Jesus erzählt dieses kontrastreiche Beispiel, damit wir uns fragen
können,
wie wir reagiert hätten. Im Letzten werden wir das nur wissen, wenn
wir
in einer solchen Situation sind. Die Situation fordert uns heraus. Im
konkreten
reagiert das Herz.
3. Wem
bin ich
Nächster
- Die Abschlussfrage Jesu sollte sorgfältig gelesen werden: "Wer
von
diesen dreien hat sich als der Nächste dessen erwiesen, der von den
Räubern
überfallen wurde?" Hatte der Schriftgelehrte erst noch gefragt "Wer
ist mein Nächster?", so wird jetzt umgekehrt gefragt, wer sich als
der Nächste des Zerschlagenen erweist. Der Samariter wurde einem
anderen
zum Nächsten. Nicht er hat sich einen Nächsten ausgesucht. Die
Situation
und sein waches Herz haben den Samariter verwandelt. Er ist vom Fernen
zum Nächsten
geworden.
- Leben finden wir nicht für uns selbst. Leben finden wir im
Anderen. Jesus
zeigt seinem Jünger, dass die Antwort in der jüdischen Thora
enthalten
ist: "Gott, lieben mit ganzem Herzen und ganzer Seele, mit all
deiner Kraft
und all deinen Gedanken" und "den Nächsten lieben wie mich
selbst",
das ist nicht eine Vorbedingung für "ewiges Leben" das ich,
im
nachhinein, als Belohnung bekäme. Das ist das Leben, volles, ganzes,
ewiges Leben. Wir finden es, wo wir uns zum Nächsten machen lassen
durch
die Situation, die wir vorfinden und indem wir nicht einen weiten
Bogen darum
machen, sondern unserem Herzen vertrauen.
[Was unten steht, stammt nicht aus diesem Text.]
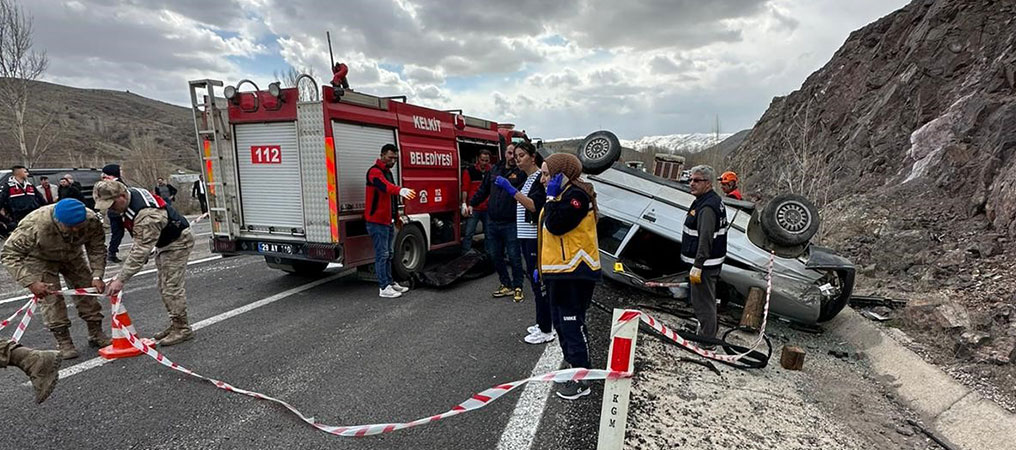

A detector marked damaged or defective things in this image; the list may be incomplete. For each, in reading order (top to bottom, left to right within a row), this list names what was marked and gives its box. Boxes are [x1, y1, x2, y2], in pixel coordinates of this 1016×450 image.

overturned white car [568, 130, 853, 325]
- Die Einheit von Gottes- und Nächstenliebe ist nicht das Neue am
Evangelium.
schon die 10 Gebote binden das Verhältnis zu Gott und zum Nächsten
eng zusammen. Das Neue ist, dass Gottes- und Nächstenliebe in Jesus
zusammenfallen.
Er ist derjenige, der unter die Räuber gefallen ist, und er ist
derjenige,
in dem wir Gott begegnen. In ihm trägt jeder, dem wir begegnen, das
Antlitz
Gottes. Deswegen wird die Zuwendung zu dem, der uns braucht, göttlich,
und deswegen finden wir darin die liebende Gemeinschaft mit Gott und
mit einander.
Das ist die Botschaft des Evangeliums. Das ist kein Kategorischer
Imperativ,
was wir tun sollen. Das ist der Weg, das Leben zu haben. Amen.